In the records below, find the line containing "PA license plate LPQ0263" and return it together with every later line, exactly as written; pictures are to be omitted.

* * *

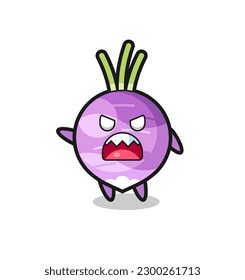 cute turnip cartoon in a very angry pose , cute style design for t shirt, sticker, logo element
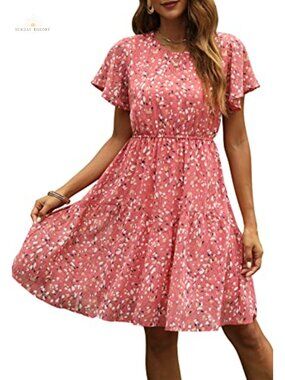 Chiffon Floral Summer Dress Knee Length Smocked Waist Flutter Sleeve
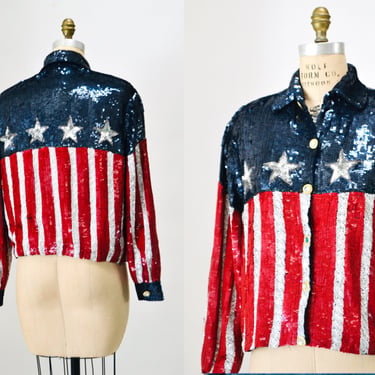 80s 90s Vintage USA Sequin Jacket American Flag USA Medium By Modi Red white and blue sequin Jacket Stars and Stripes USA America Olympics 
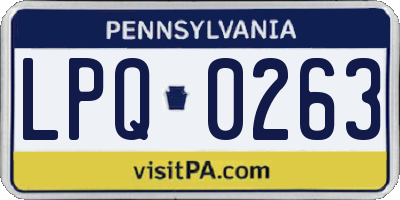 PA license plate LPQ0263
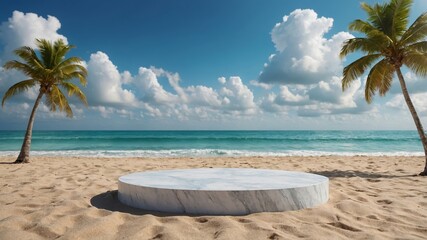 Wall Mural - beautiful beach setting with a circular marble platform under a blue sky featuring fluffy clouds and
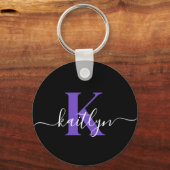 Porte-clés Monogramme Moderne Violet Noir Script (Recto)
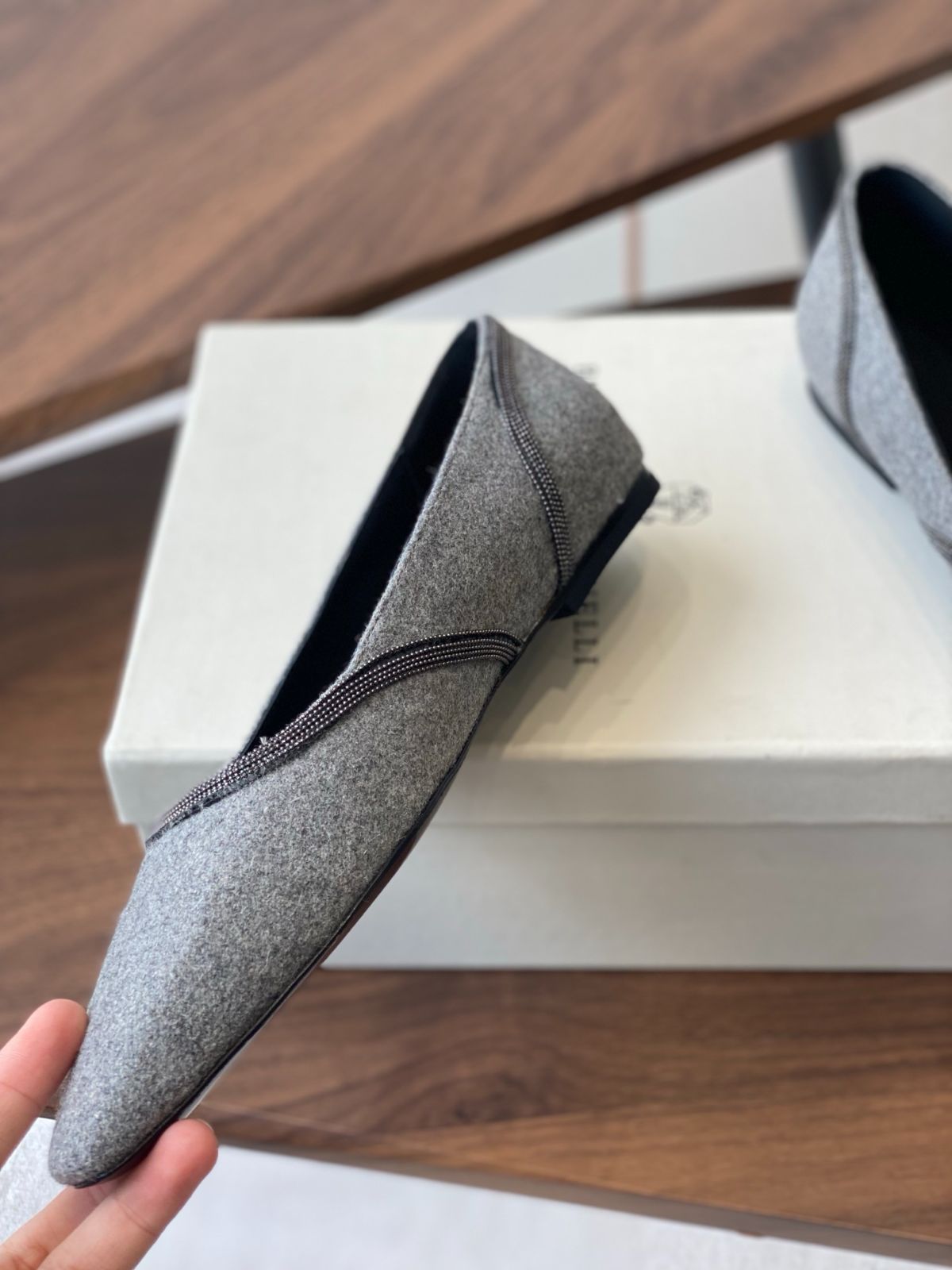 【ブルネロクチネリ】 Ballet Flats フラットシューズ グレー☆送料無料【新品】☆ブルネロクチネリ☆レディース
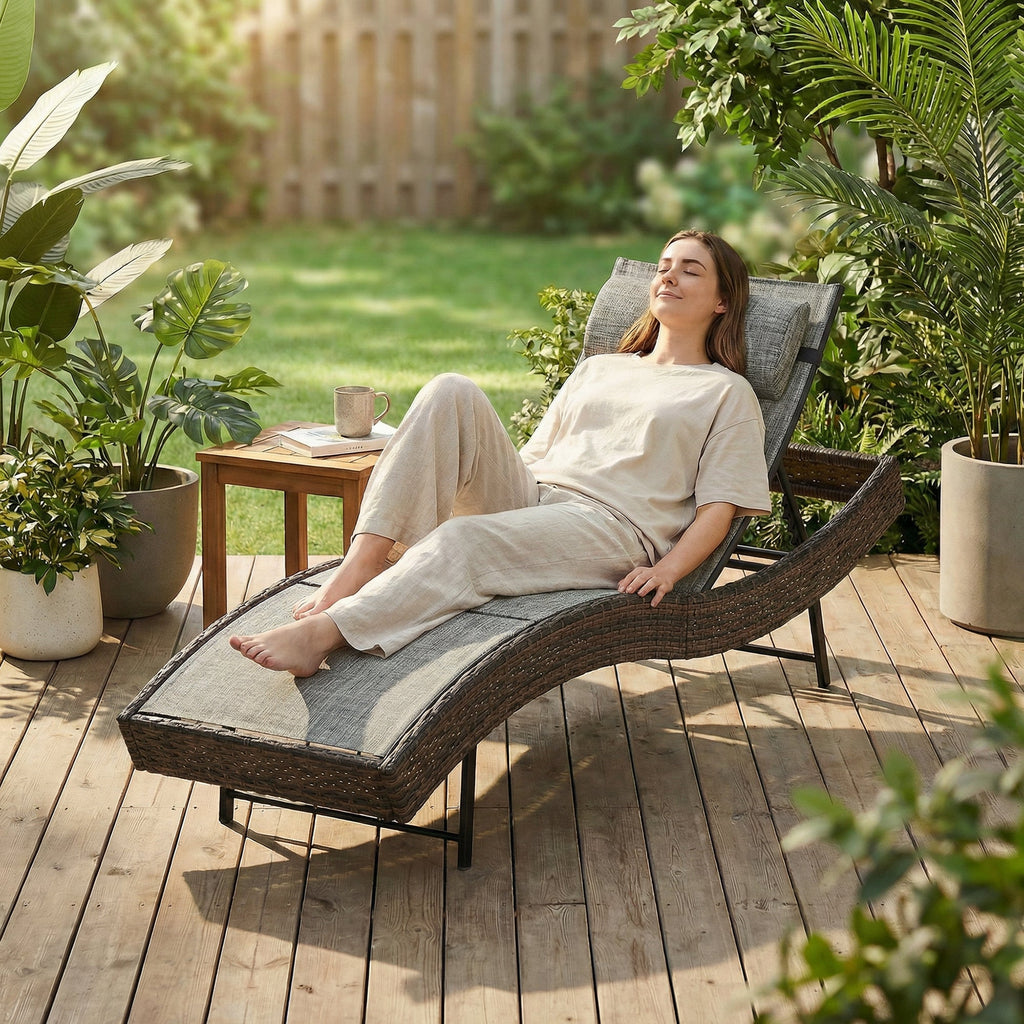 Rattan Sun Lounger with S-Shaped Seat and 5-Position Backrest, Brown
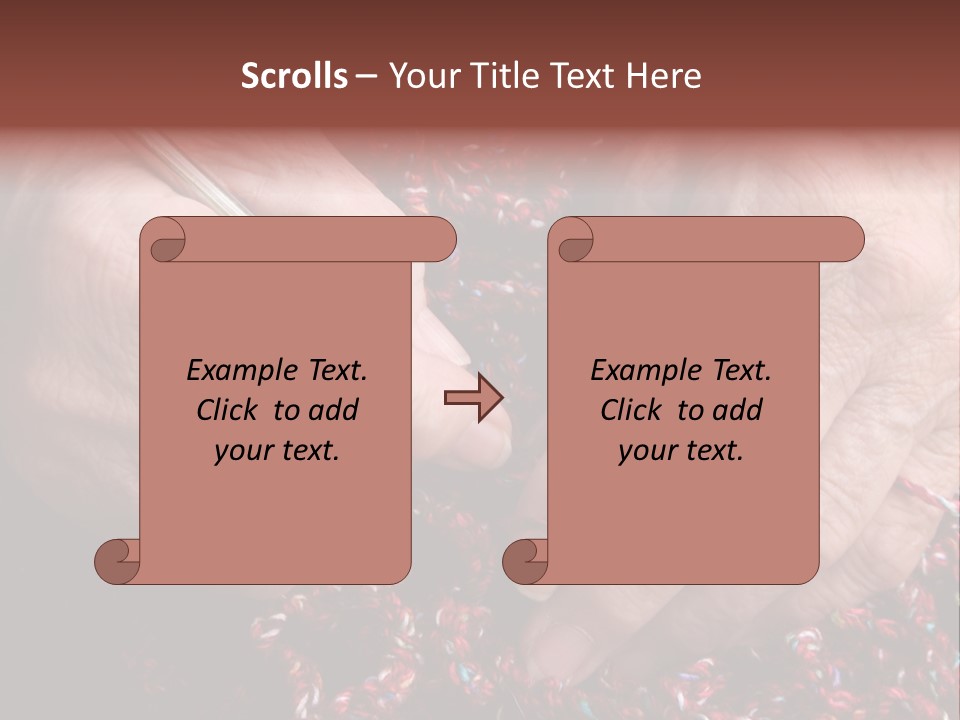 Senior Or Grandmother's Hands Crocheting PowerPoint Template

* * *

* [YOUR RESPONSE]
 PA license plate LPQ0263
 Wall Mural - beautiful beach setting with a circular marble platform under a blue sky featuring fluffy clouds and
 Porte-clés Monogramme Moderne Violet Noir Script (Recto)
 【ブルネロクチネリ】 Ballet Flats フラットシューズ グレー☆送料無料【新品】☆ブルネロクチネリ☆レディース
 Rattan Sun Lounger with S-Shaped Seat and 5-Position Backrest, Brown
 Senior Or Grandmother's Hands Crocheting PowerPoint Template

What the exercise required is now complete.